46 So. 757 | Ala. | 1908

ANDERSON, J.

So much of section 3155 of the Civil Code of 1896 as is essential to a discussion of the question involved is as follows: “The owners of land fronting on any bay, river, bayou, or creek within this state, are granted the right to plant oysters, and gather the same, in the waters in front of their land to the distance of six hundred yards from the store; but where the distance from shore to shore is less than twelve hundred yards, the owners on either shore may plant and gather to a line equidistant between the two shores, but no person shall plant in any natural channel so as to interfere with navigation.” That the enactment of this statute was within the power of the Legislature there can be no doubt.- — State v. Harrub, 95 Ala. 176, 10 South. 752, 15 L. R. A. 761, 36 Am. St. Rep. 195. The complainant derives whatever right or title he has to the oyster bed involved through conveyances from the respondents of the land fronting said bed, as well as through a special clause therein found, conveying “all oysters and riparian rights,” and upon the averment of the bill that said oysters were planted by the respondent John G. Cleveland-individually, or by Cleveland and Rolston together, and that Cleveland purchased the interest of Rolston before he conveyed to complainant. It is clear, under the law, that ownership of the property fronting the water in which the oysters are planted, and opposite to said beds, is essential to the right to gather the oysters. It is equally clear that, after the-owner plants, he would have such a right in the oysters as would be the subject of transfer or assignment, or which would enable his personal representative or heir- to gather and market in case of his death. — Jones v. Oemler, 110 Ga. 202, 35 S. E. 375.

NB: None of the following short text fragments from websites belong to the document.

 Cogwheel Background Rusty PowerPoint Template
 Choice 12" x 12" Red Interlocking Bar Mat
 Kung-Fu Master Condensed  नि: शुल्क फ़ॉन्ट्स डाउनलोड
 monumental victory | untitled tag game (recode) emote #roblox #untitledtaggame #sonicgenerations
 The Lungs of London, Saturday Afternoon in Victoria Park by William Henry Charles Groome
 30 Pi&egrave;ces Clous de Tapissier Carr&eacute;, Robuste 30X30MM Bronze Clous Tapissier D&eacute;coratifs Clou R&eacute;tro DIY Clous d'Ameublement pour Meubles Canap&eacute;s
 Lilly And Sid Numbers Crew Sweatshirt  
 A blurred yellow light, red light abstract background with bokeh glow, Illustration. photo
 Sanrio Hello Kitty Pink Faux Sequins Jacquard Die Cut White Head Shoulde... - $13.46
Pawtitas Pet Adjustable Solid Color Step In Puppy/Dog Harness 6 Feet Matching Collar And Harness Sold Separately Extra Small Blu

The law, however, limits the boundaries within which the oysters may be planted and gathered; the space being 600 yards from the shore, unless the distance from *473shore to shore is less than 1,200 yards, in which last event the line fixed must be equidistant between the two shores. It is manifest that the respondents conveyed by their deeds to the complainant only such oysters as they were entitled to under the statute as riparian owners. The deeds do not purport to convey all oysters planted in said body of water by Cleveland, or to warrant the title to any except those that are incident to the ownership of the fronting shore. Therefore, in order for the complainant to show a right under the conveyances, or an estoppel against the grantors, he should by proper averment locate the oysters in controversy within the boundaries fixed by the statute.

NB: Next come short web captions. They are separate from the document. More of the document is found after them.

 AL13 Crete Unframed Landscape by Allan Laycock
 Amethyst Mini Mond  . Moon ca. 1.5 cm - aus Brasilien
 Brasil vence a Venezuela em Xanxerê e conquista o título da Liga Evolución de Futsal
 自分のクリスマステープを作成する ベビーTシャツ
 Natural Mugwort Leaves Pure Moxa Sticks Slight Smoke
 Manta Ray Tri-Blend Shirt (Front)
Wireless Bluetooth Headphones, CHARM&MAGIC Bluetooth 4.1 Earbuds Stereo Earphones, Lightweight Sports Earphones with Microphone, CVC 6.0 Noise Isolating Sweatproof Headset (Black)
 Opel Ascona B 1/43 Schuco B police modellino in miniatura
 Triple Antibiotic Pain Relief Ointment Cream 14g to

While the respondents are not estopped by the deeds from interfering with an oyster bed not thereby conveyed, yet the bill avers that the oyster bed in question (whether within the statutory boundaries or not) was leased from the complainant by J. G. Cleveland, that the lease has terminated, and that said Cleveland is acting in defiance of complainant’s rights and has made no restoration. He is therefore estopped from denying complainant’s right or title to the oysters, whether within the statutory boundary or not. The wife, not being a party to the lease, is not estopped from denying complainant’s title, if the oysters are beyond the dead line and were not embraced in the deeds executed by her, and as to her the bill is defective in not locating the bed within the proper boundaries. But, as there was no severance in the assignments of error, the chancellor will not be reversed for overruling the demurrers, unless well taken as to both appellants.

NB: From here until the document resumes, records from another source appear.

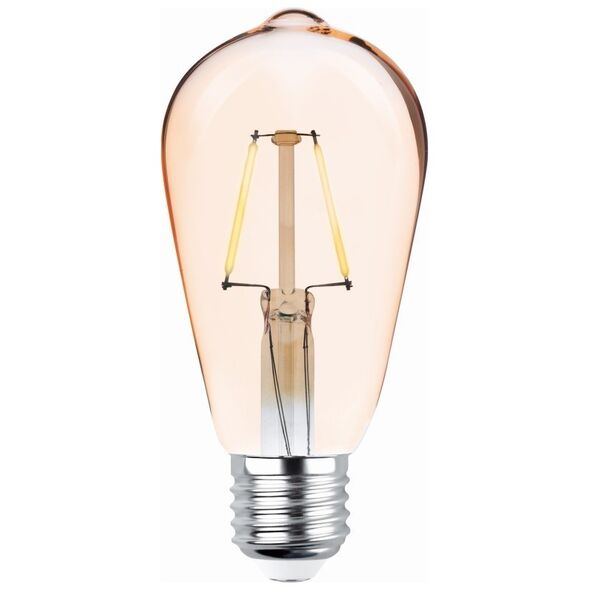 LED Bulb Filament E27 ST64 4W 230V 2200K 400lm COG gold Forever Light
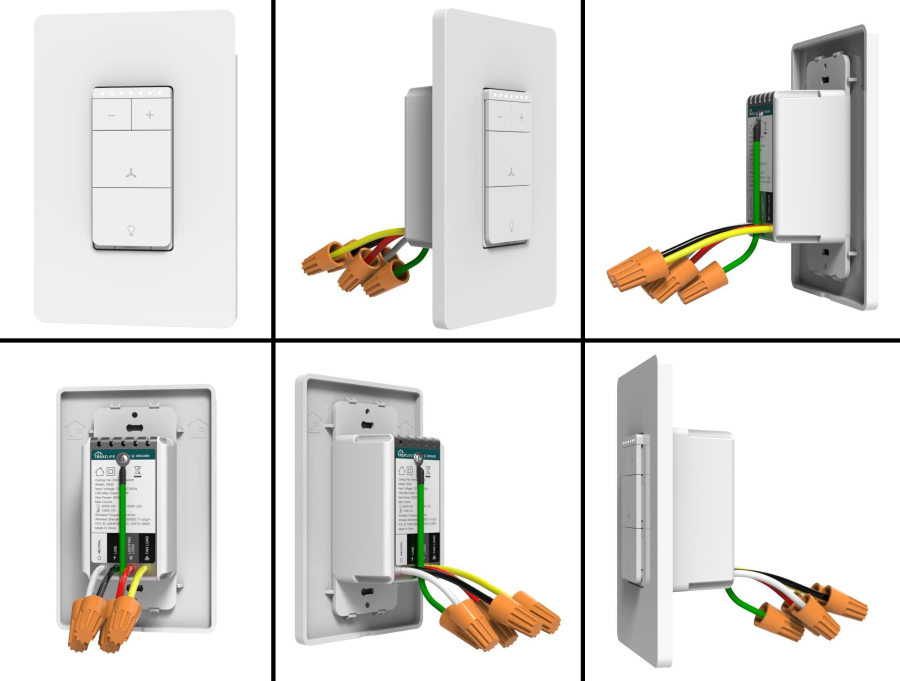 Treatlife Smart Ceiling Fan Control and Light Dimmer Switch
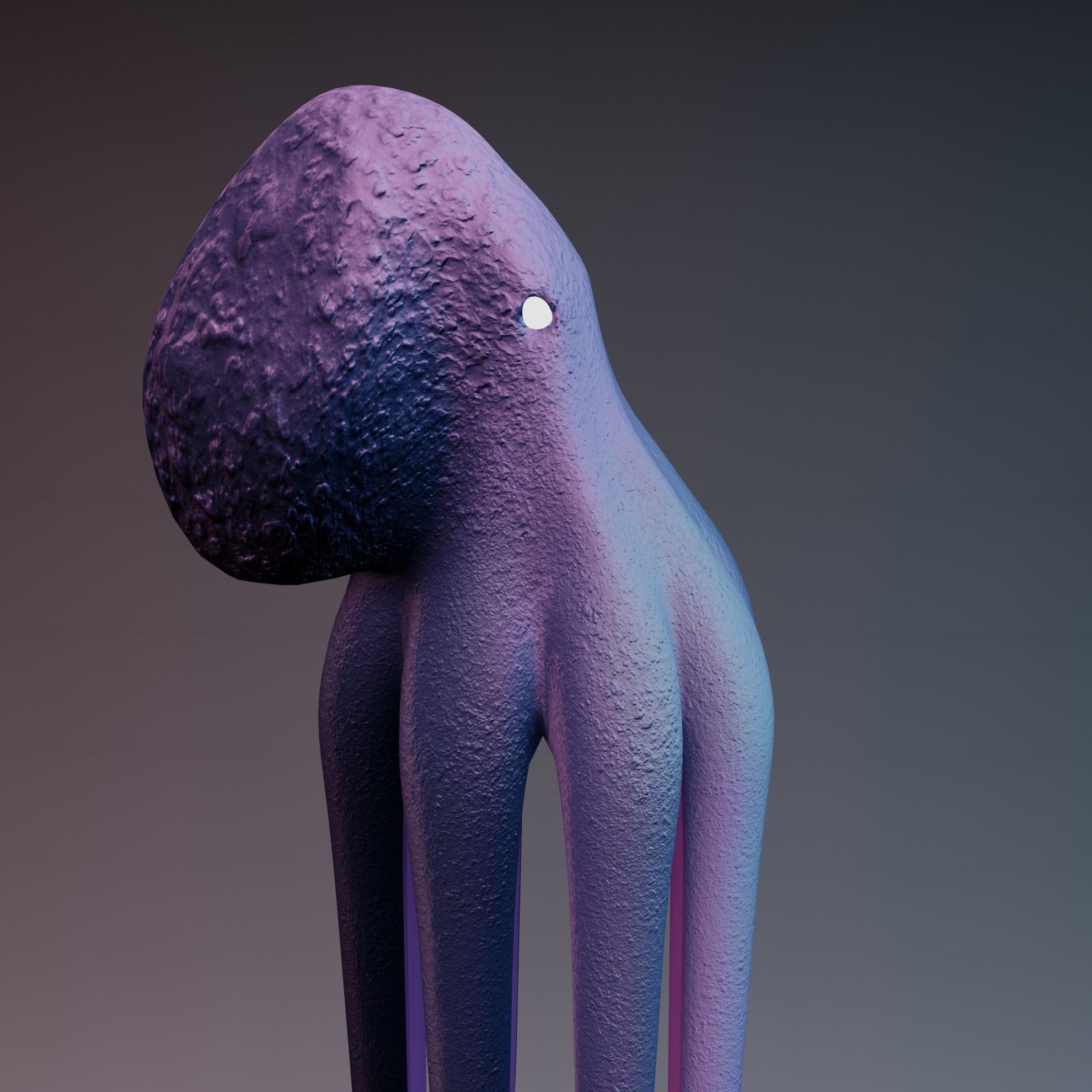 Octopus Low-poly 3D model_32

Counsel for appellants, by their brief, do not question the equity of the bill or the propriety of continuing the injunction, in case the complainant had the right to the oysters, but seek a construction of the statute and *474a determination of the right to transfer or assign, by one owning the front and who planted the oysters, as well as a settlement of the limits fixed by the statute upon the right to gather. We have endeavored to interpret the statute in these respects, and think that what is here said should operate as a sufficient guide in the future progress of this cause, notwithstanding the decree appealed from must be affirmed.

The decree of the chancery court is affirmed.

Tyson, G. J., and Dowdell and McClellan, JJ., concur.